5. The method of claim 4, wherein in S4, further comprising:

searching for candidate airfoils in a corresponding search space includes searching for airfoil dimensions that include a combination of physical characteristics and aerodynamic performance data associated with the candidate airfoils.

6. The method of claim 1, wherein the GP proxy model is a gaussian process regression model, and in S22, further comprising: constructing a Gaussian process regression model according to the physical characteristics and the performance indexes;

the mean function m and the covariance function k in the Gaussian process are respectively:

the kernel function used in the gaussian process is:

x _i ，x _j representing two different samples in a sample set, v representing the smoothing coefficient, l representing the forward parameter, typically l=1, Γ (v) representing the Gamma function, K _v Representing the Bassel function.

7. The method according to claim 1, characterized in that in S3 it comprises:

establishing an EHVIC point selection strategy:

wherein Δ (S) represents that the constraint satisfies the expectations, S ⁺ Represents a unit that is not dominated by any member of the pareto active set,representing the set of pareto active points, I (·) representing the lift of the next selection point, +.>Probability density function representing the predicted distribution of the objective function, S representing S ⁺ Y represents the current sampling point, f _x Representing an objective function +.>Indicating pareto effective points.
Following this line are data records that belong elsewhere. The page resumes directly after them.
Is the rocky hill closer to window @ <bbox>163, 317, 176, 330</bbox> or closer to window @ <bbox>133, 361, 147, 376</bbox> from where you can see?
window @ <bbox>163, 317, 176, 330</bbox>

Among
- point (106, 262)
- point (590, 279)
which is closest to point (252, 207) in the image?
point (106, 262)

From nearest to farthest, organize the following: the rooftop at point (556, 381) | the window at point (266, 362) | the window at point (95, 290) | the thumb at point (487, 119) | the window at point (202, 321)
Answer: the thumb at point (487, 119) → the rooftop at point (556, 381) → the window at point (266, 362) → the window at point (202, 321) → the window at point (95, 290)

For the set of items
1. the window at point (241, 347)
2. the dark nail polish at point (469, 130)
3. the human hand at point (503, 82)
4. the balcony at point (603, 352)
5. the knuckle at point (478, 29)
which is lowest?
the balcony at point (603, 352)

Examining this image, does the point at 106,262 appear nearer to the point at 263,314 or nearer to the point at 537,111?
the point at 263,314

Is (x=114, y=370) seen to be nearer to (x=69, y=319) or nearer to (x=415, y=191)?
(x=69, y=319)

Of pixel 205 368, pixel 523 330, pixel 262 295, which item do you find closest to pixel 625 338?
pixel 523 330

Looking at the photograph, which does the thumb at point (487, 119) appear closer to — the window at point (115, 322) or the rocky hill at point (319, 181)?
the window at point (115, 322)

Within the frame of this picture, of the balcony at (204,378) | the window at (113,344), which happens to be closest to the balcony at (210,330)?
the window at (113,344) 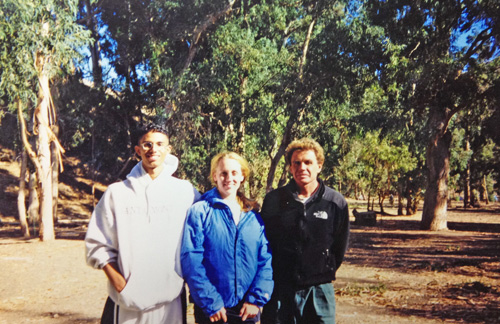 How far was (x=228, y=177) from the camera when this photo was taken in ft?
9.58

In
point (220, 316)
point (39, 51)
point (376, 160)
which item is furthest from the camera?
point (376, 160)

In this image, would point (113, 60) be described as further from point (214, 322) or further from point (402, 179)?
point (214, 322)

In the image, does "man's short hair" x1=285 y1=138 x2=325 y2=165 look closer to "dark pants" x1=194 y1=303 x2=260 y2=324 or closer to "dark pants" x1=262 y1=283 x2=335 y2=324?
"dark pants" x1=262 y1=283 x2=335 y2=324

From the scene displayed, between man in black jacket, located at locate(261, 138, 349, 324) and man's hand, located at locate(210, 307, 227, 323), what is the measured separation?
1.56ft

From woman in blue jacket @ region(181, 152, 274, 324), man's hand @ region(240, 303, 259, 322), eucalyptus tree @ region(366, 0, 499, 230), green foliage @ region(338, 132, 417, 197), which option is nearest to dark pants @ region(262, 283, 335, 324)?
woman in blue jacket @ region(181, 152, 274, 324)

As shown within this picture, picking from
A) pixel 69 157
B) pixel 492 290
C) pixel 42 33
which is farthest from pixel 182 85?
pixel 69 157

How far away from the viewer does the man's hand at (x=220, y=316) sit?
269 centimetres

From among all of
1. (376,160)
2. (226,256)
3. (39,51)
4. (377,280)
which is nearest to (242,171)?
(226,256)

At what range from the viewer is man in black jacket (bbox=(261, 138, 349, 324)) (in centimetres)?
304

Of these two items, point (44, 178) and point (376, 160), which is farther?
point (376, 160)

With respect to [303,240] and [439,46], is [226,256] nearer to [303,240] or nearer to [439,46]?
[303,240]

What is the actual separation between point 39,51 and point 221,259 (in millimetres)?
13441

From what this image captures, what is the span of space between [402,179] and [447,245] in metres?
11.2

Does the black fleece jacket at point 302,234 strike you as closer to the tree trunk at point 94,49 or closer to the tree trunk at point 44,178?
the tree trunk at point 44,178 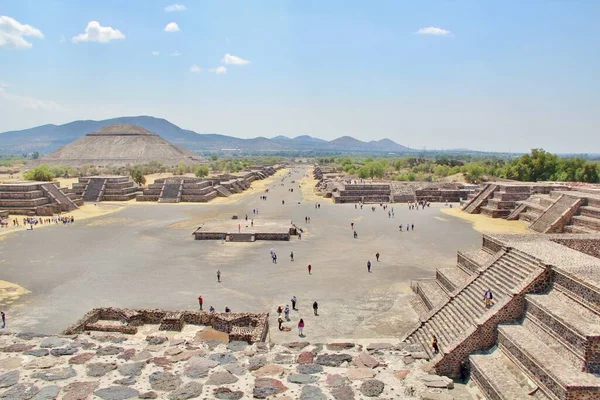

8. The method of claim 7, wherein the component parts of the search target of the search space comprise: aerodynamic performance targets and sparse targets, expressed as:

f ₁ ＝f(x _base +Δx _next )

wherein f ₁ Representing a target I comprising airfoil aerodynamic performance, f ₂ Representing a second object, wherein the second object comprises sparsity of airfoil disturbance,representing an intermediate calculation formula,/->Representing positive and negative disturbances of the ith dimension relative to the base airfoil, a=10 ^-0.5 ，x _base Representing the base airfoil, deltax _next Representing positive and negative disturbances relative to the base airfoil, D is Δx _next Is a dimension of (c).

9. The method according to claim 1, characterized in that in S4 it comprises:

performing a function on the selected airfoil using a trained Gaussian process regression modelEvaluating and outputting results, including aerodynamic properties f of airfoils ₁ And airfoil dimension sparsity f ₂ 。

10. The method of claim 1, wherein the GP proxy model in the bayesian optimization framework is updated during each cycle of optimization;

in each optimization cycle, it includes:

taking the candidate wing profile and the corresponding lift-drag ratio performance as sampling points, and importing the sampling points into a GP proxy model of an optimization framework;

in the process of updating the GP proxy model of the optimization framework, changing the function distribution of the GP proxy model, and executing the point selection strategy of S3 so as to perform point selection again;

and then sequentially executing S4 to S5.